Les 12 ans durant, Joseph Kabila a joué le jeu, laissant quasiment les Premiers ministres en avant-plan.

Or, Félix Tshisekedi a voulu jouer le jeu différemment. Il s’est mis en avant-plan, présidant non pas que le Conseil des ministres presque toutes les semaines, mais en plus donnant des instructions à la fois au Premier ministre, aux Vice-Premiers ministres, aux ministres d’Etat, aux ministres, voire au vice-ministres !

Pour dire vrai, dès le premier Conseil des ministres, il s’est mis à gouverner.

Tout le monde – à commencer par le président de la Cour constitutionnelle et président du Conseil supérieur de la magistrature – l’a laissé violer délibérément la Constitution. Comme pour l’encourager dans cette voie, on lui a trouvé la fameuse formule “Le salut du peuple est la loi suprême”, véritable arme de destruction de la Constitution !

Du chef de l’Etat soumis au devoir de redevabilité…

 

En vérité, des Accords du Palais de Marbre 1 en 1991 au Dialogue Intercongolais en 2001-2003 en passant par la Conférence nationale souveraine en 1992-1993, Étienne Tshisekedi et l’Udps ne voulaient plus d’un Président de la République qui gouverne. Ils étaient dans la logique d’un Président de la République qui règne et d’un Premier ministre qui gouverne.

Félix Tshisekedi le savait et il le sait.

Aussi, on devrait se demander pourquoi de 2006 à 2018, l’Udps s’est acharné à faire porter à Joseph Kabila – ci-devant Président de la République – la responsabilité de tout ce qu’il considérait comme dérapage dans la gestion de la Chose publique.
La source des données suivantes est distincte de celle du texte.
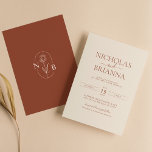 Minimalistisch Boho Terracotta verbrand Oranje huw Kaart<br><div class="desc">Minimalistisch Boho Terracotta brandt Oranje huwelijksuitnodiging. Monogram achteraan.</div>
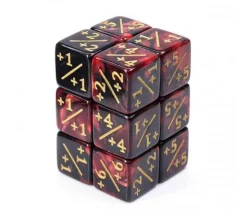 Dé modificateur positif noir et rouge +1 à +6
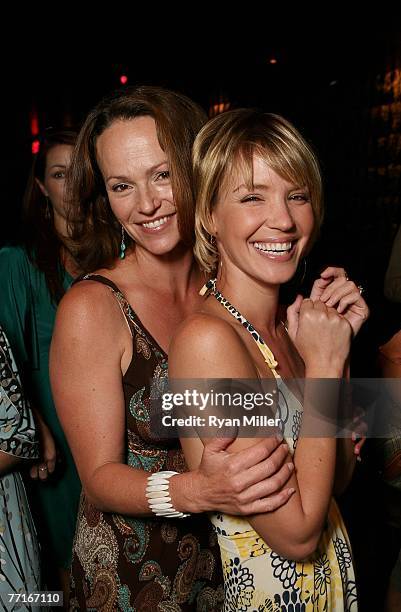 Castmembers actresses Clare Carey and Ashley Scott pose at the party for the CBS DVD release of "Jericho The First Season" at the new Hollywood hot...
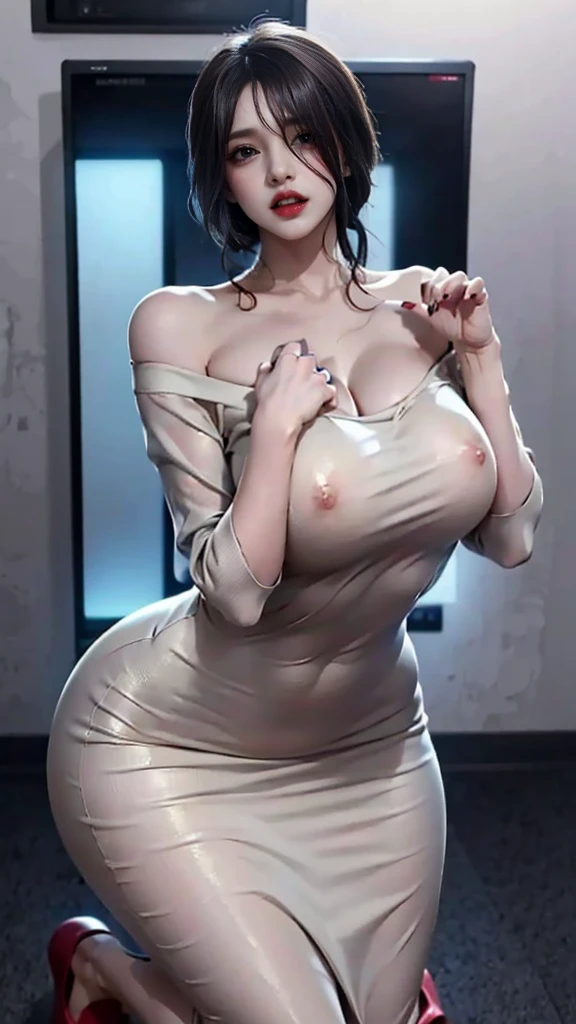 ((masterpiece)), (best quality), (absurdres), black and shine hairs, yamamura_sadako and a boy, (see through white dress, off shoulder), (grey skin), hair over eyes, eyes covered, looking at viewer, paw pose, red nails, bend over, big screen tv, darkness background , red lips, open lips, tooth fang, Halloween party , kneeling , areola, hard nipples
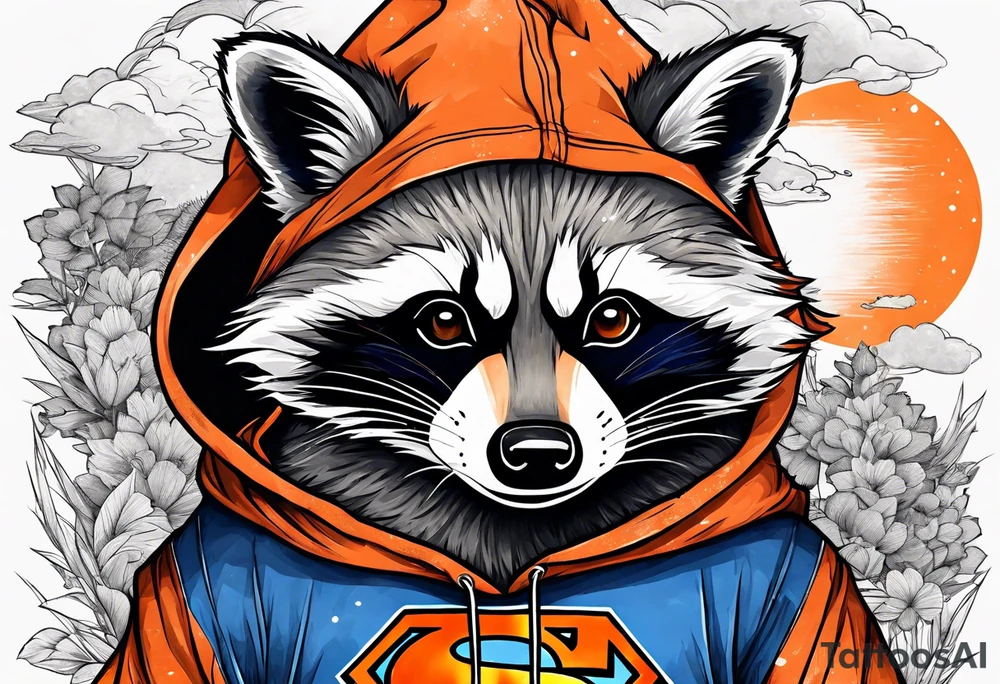 Raccoon wearing an orange Superman hoodie tattoo idea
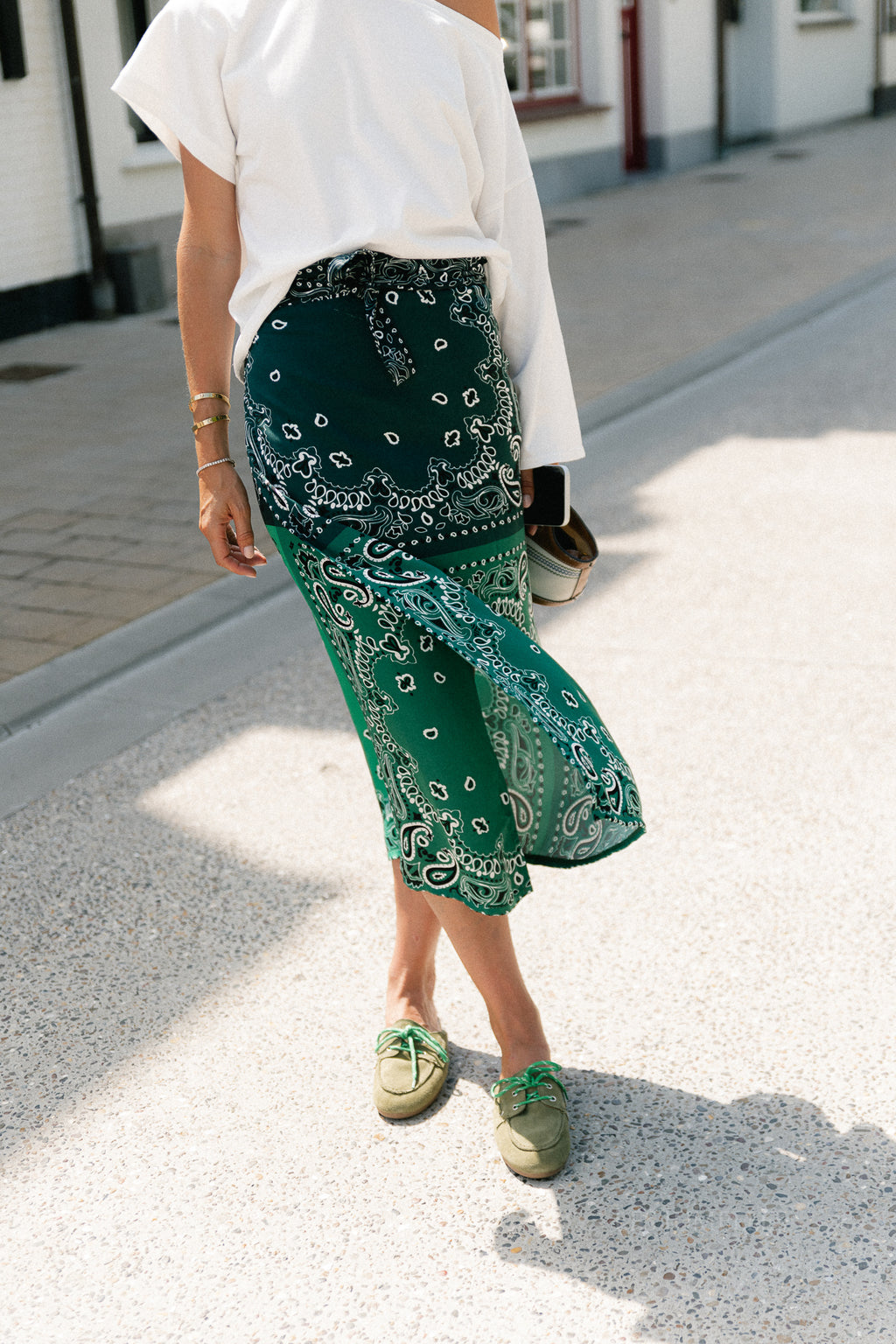 Evie wrap skirt paisley print green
Tout le Congo apprenait – par l’Udps ainsi que sa société civile (ONG, mouvements citoyens, églises, médias) – que la chute de telle localité pendant la guerre, c’était Kabila. L’envolée du dollar sur le marché du change, c’était Kabila. La crise de transport public, c’était Kabila. L’arrestation de tel acteur politique ou de tel journaliste, c’était Kabila. Le crash, le déraillement ou le naufrage, c’était Kabila. Les inondations, c’était Kabila. L’empoisonnement de tel artiste, c’était Kabila.

Et pourquoi, ceux qui rappellent aujourd’hui l’article 91, se sont tus au cours de ces 5 dernières années, faisant le médecin après la mort !

C’est tout ce qu’il y a de normal que la rue ait gardé le réflexe du chef qui règne et gouverne. Du chef de l’État soumis au devoir de redevabilité.

En appeler à un dialogue ou pas

Aujourd’hui, plaider pour la révision de la Constitution, c’est une bonne chose. Mais, l’opinion a besoin d’être fixée sur le cadre.

C’est sur ce terrain-là que le souverain primaire attend l’éclairage qui vienne de ses filles et fils constitutionnalistes conviés à avoir le courage de se prononcer sur la possibilité d’en appeler à un dialogue ou pas, en référence à l’Histoire du pays.

Autrement, la sortie médiatique de Me Dieudonné Kaluba n’aura pas aidé le Congolais lambda à sortir de l’auberge.